In materia di imposte sui redditi, è soggetta a tassazione l’indennità per inabilità temporanea assoluta al lavoro di cui all’art. 24, comma 2, r.d.l. 23 settembre 1937 n. 1918, conv. con modificazioni nella l. 24 aprile 1938 n. 831, corrisposta alla “gente di mare” dall’ente previdenziale, poiché la stessa è strettamente ed indissolubilmente collegata dagli art. 1, 3, 5, 6 del r.d.l. citato al rapporto di lavoro, e, come tale, necessariamente sussumibile nella fattispecie di cui all’art. 6, comma 2, d.P.R. 22 dicembre 1986 n. 917, per il quale “i proventi conseguiti in sostituzione di redditi. e le indennità conseguite, anche in forma assicurativa, a titolo di risarcimento dei danni consistenti nella perdita di redditi, esclusi quelli da invalidità permanente o da morte, costituiscono redditi della stessa categoria di quelli sostituiti o perduti”.

Cassazione civile sez. trib., 23/05/2012, n.8121

Tassazione risarcimento da perdita di chance lavorative 

In tema di imposte sui redditi, in base all’art. 6, comma 2, d.P.R. 22 dicembre 1986 n. 917 (nel testo applicabile ratione temporis), le somme percepite dal contribuente a titolo risarcitorio sono soggette a imposizione soltanto se, e nei limiti in cui, risultino destinate a reintegrare un danno concretatosi nella mancata percezione di redditi, mentre non costituiscono reddito imponibile nell’ipotesi in cui esse tendano a riparare un pregiudizio di natura diversa.

(In applicazione del principio, la S.C. ha ritenuto non tassabile il risarcimento ottenuto da un dipendente “da perdita di chance”, consistente nella privazione della possibilità di sviluppi e progressioni nell’attività lavorativa a seguito dell’ingiusta esclusione da un concorso per la progressione in carriera).

Cassazione civile sez. trib., 29/12/2011, n.29579

Risarcimento danni da demansionamento e tassazione 

In tema di imposte sui redditi, in base al dettato dell’art. 6 comma 2 d.P.R. 22 dicembre 1986 n. 917, non sono imponibili le somme percepite dal contribuente a titolo risarcitorio, a meno che non abbiamo la funzione di reintegrare un danno concretatosi nella mancata percezione di redditi. Di conseguenza, non è assoggettabile a tributo la somma versata dal datore di lavoro per risarcire il lavoratore che abbia subito danni all’immagine e alla professionalità a seguito di demansionamento.

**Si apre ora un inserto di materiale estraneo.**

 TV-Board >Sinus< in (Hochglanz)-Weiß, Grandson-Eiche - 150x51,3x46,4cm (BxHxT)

Cassazione civile sez. trib., 19/03/2010, n.6754

Tassazione risarcimento da mancata assunzione 

In tema di imposte sui redditi, le somme attribuite al lavoratore, a titolo risarcitorio, in luogo delle retribuzioni che avrebbe percepito qualora non si fosse verificata l’illegittima mancata assunzione da parte del datore di lavoro, vanno assoggettate alle trattenute fiscali, posto che ai sensi dell’art. 6, comma 2, del d.P.R. n. 917 del 1986, esse sono qualificate come redditi della stessa categoria di quelli illegittimamente non corrisposti, e pertanto hanno natura sostitutiva del reddito non conseguito piuttosto che riparatoria del decremento subito a causa della mancata assunzione.

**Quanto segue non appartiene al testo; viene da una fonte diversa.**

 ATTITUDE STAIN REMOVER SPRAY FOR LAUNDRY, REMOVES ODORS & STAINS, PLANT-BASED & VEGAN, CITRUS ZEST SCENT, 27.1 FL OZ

(In applicazione di tale principio, la S.C. ha ritenuto assoggettabile a trattenuta fiscale l’indennità percepita dal ricorrente, in sede di conciliazione giudiziale, nell’ambito di una controversia dal medesimo instaurata nei confronti di una società che aveva rifiutato di assumerlo, nonostante fosse stato avviato al lavoro quale orfano di guerra).

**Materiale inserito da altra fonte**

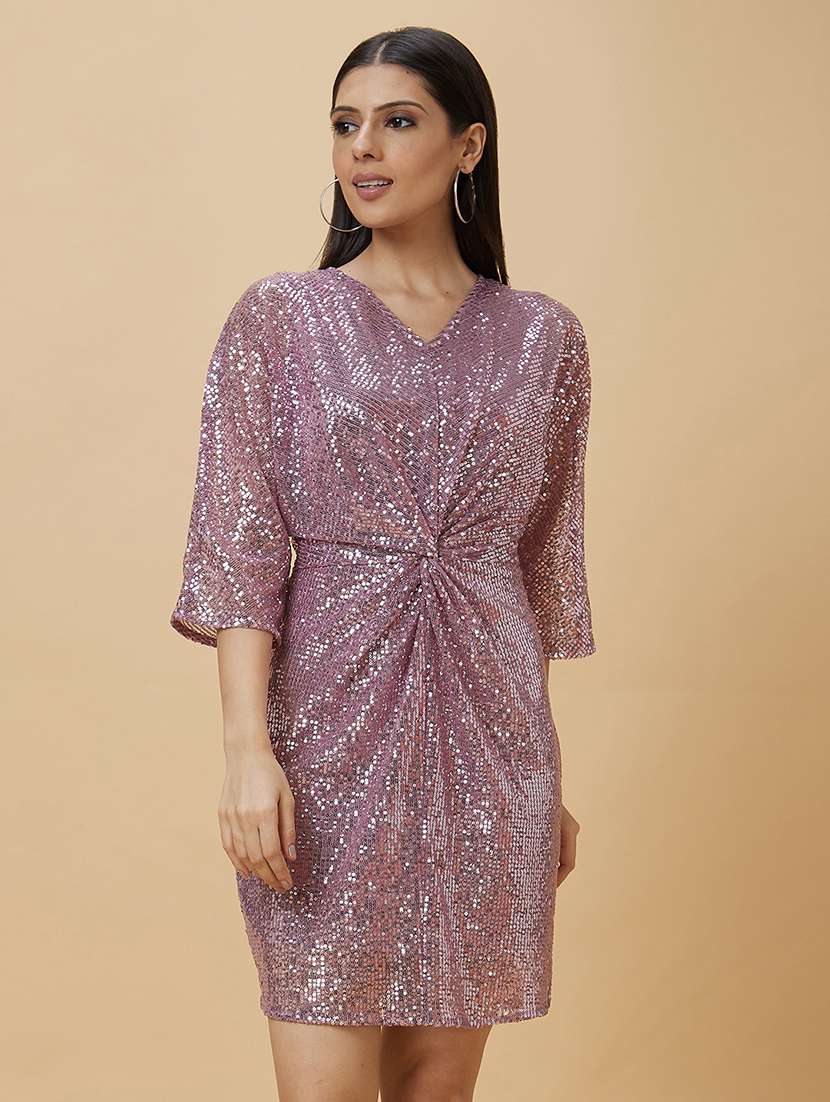 globus women pink sequinned twisted detail sheath party dress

Cassazione civile sez. trib., 02/10/2008, n.24432

Tassazione risarcimento per infortunio sul lavoro

In tema di risarcimento danni da infortunio sul lavoro, per determinare il lucro cessante da invalidità permanente bisogna assumere come base di calcolo il reddito annuo del danneggiato, costituito dalla retribuzione al netto delle ritenute fiscali, risolvendosi il diverso computo della retribuzione lorda in un ingiustificato arricchimento del danneggiato, posto che le relative somme non sono fiscalmente imponibili.